This article argues that Pakistan’s enduring instability originates in the hurried colonial partition of 1947, compounded by decades of military dominance, proxy warfare and great-power patronage. It analyses the evolution of Pakistan’s security doctrine, its changing relationship with the Taliban, internal fault lines, Cold War legacies and the country’s strategic relevance in an emerging multipolar world.

Rather than viewing these crises separately, this article presents them as interconnected outcomes of a state whose foundational contradictions remain unresolved.

The entire analysis is reproduced below:-

PAKISTAN: AN IMPERFECT PARTITION

The Colonial Recipe for Perpetual External and Internal Instability

Major General (Dr) S.B. Asthana, SM, VSM (Veteran)

International Strategic & Defence Analyst | Former DG Infantry, Indian Army | Former Director, USI | PhD International Affairs | 600+ Publications | Global Media Commentator | 5000+ TV Appearances | website

asthanawrites.org |  Youtube @GenAsthanaAnalyses

Backdrop

Every day the mainstream media is focussed on Pakistan with news like protests in POJK, BLA & TTP attacking security persons of Pakistan, Air Attack on Afghanistan, terrorist action in Kashmir linked to terror group sponsored by Pakistan, visuals of internal administration collapsing, Yet it’s mediating peace between U.S. and Iran and trying to get various factions in Libya to get together and continues to be only Islamic country with nuclear bomb with full support of USA and China. Seventy-nine years after the midnight of 14–15 August 1947, Pakistan remains a state permanently at war — with its neighbours, with its own periphery, and with itself.   

This is not an accident of history but the logical outcome of its founding architecture. Pakistan was not built; it was drawn — hurriedly, cynically, and in the service of a departing empire’s exit strategy rather than the aspirations of the people it claimed to represent. What follows is an attempt to examine, region by region and fault-line by fault-line, why a state conceived as a colonial expedient has never been able to escape the instability written into its birth certificate, and yet it remains relevant for USA, China and Islamic world?

I. The Colonial Womb: Partition as Strategic Design, Not Nation-Building

The 1947 partition was executed with a haste that borders on the reckless. The Indian Independence Act received royal assent on 18 July 1947, and the transfer of power followed within twenty-eight days — barely enough time to dismantle a police station, let alone the world’s largest empire. Sir Cyril Radcliffe, a barrister who had never set foot in India before his appointment, was given five weeks to draw the boundary that would separate Hindu-majority and Muslim-majority districts. The result was not a nation but a wound: an estimated fourteen to fifteen million people uprooted, and up to two million dead in the communal violence that the haste itself precipitated.

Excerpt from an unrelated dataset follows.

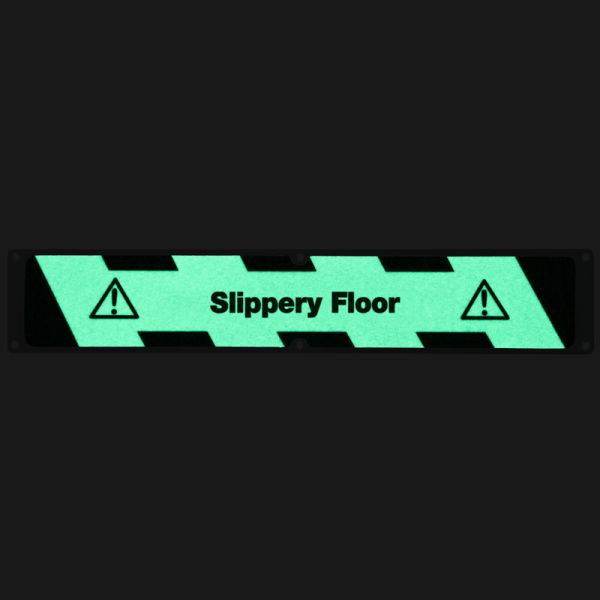 Meelbroek antislipplaat aluminium met m2 antislipcoating, lichtgevend zwart/groen "Slippery Floor"114x635mm, APM1X1EF1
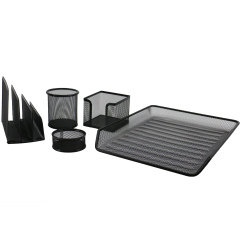 Office Stationery Set of 5 file trays Punched Powder Coated Black Table Desktop Metal Wire mesh Stationery set for office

The untold truth which Western country hesitate in reciting to rest of the world is that UK and USA wanted to checkmate USSR and knew that united India may not follow their diktat; hence, it was better to create Pakistan with strategic piece of land adjacent to USSR area of influence, include it in CENTO and SEATO and give it patronage and military help to be of help in checkmating USSR. The Indian British officer surrendering Gilgit Garrison to Pakistan and instead of being punished, was awarded highest gallantry award of Pakistan and UK is a case in point.

Pakistan’s founding geography compounded the error. A state stitched together from two wings separated by over a thousand miles of Indian territory could not survive as designed, and did not — the 1971 war and the birth of Bangladesh were the inevitable correction of an unnatural cartography. What was sold as nation-building was, in reality, imperial risk-transfer: London handed over a set of unresolved disputes — Kashmir foremost among them, which it forcibly tried to occupy (prevented greatly by Indian Military) and landed up creating a set of open wounds, which it has been trying to manage through militarisation and proxy war and terrorism ever since.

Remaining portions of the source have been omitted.